Postby wlsguy » February 5th, 2013, 5:36 am

Supervised this event at a regional competition over the weekend - some advice and things to know based on the most common mistakes:

-Young's Modulus is a function of stress and strain. Stress is force/area and force is mass*acceleration. Strain is the change in length/original length. Stress does not have units of mass, and strain does not have units of distance. The other way around is not true either! You should know the units for stress and strain (or that strain doesn't have one)!
-When a term such as creep is defined for you, pay attention! If you didn't measure it correctly, or used the wrong units, that's easy points you lost! Read every question.
-Material classes - know how to classify items into them. Many teams got most of these wrong - know the difference between the material types, and common materials that fall into each.
-Crystal structures - the event specs specifically mention packing factor - so it'd be a good idea to know the common ones, and where they come from.

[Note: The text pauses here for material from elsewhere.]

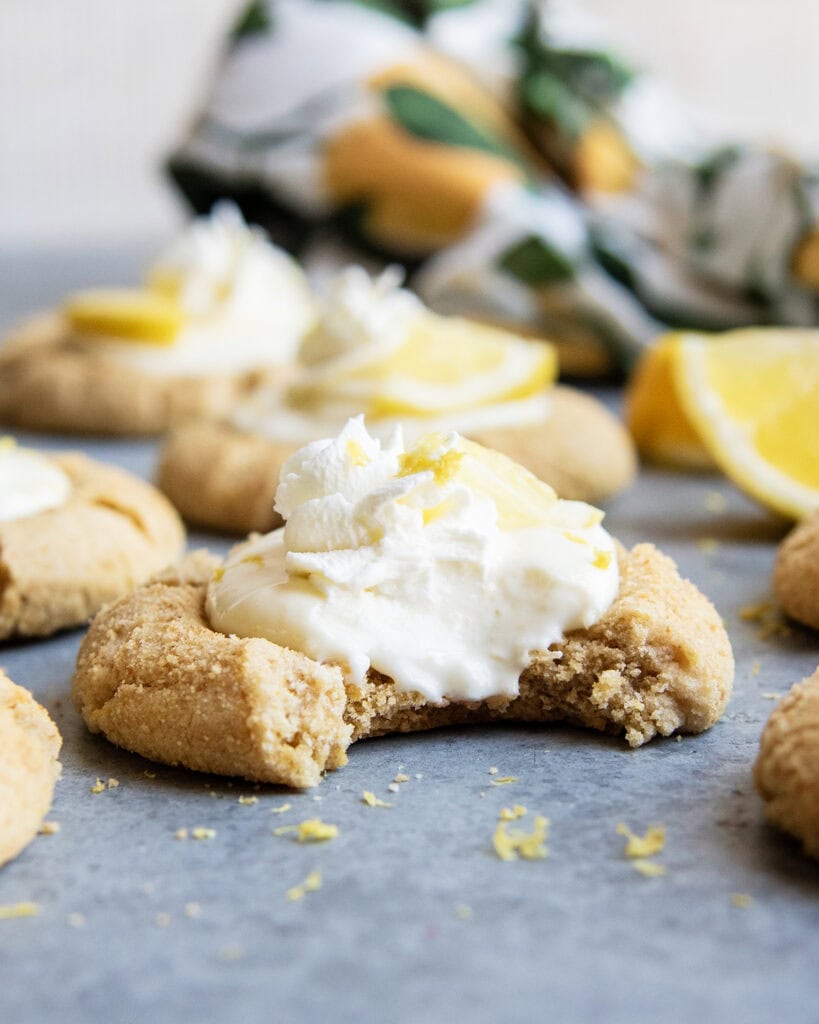 Lemon cream pie cookies with whipped cream and a lemon wedge on top on the counter, the front cookie has a bite out of it.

And general test taking tips - if it's multiple choice and there's no penalty for guessing...write down an answer! You'd think it'd be obvious, but more than one team left several multiple choice questions blank.
I'm curious , what was the lab at the Regional Competition?
At most invitationals, I have not seen a lab and it has been only a paper test (not entirely within the spirit of the rules for the event).
When I ran it at the Northview competition, the lab portion involved measuring and plotting Young's Modulus using the cantilever method.

I'm just worried, unless event supervisors figure out some associated labs, this event will end up being only a paper test.
I would also like to know what other have done since I will run this event 2 more times this season.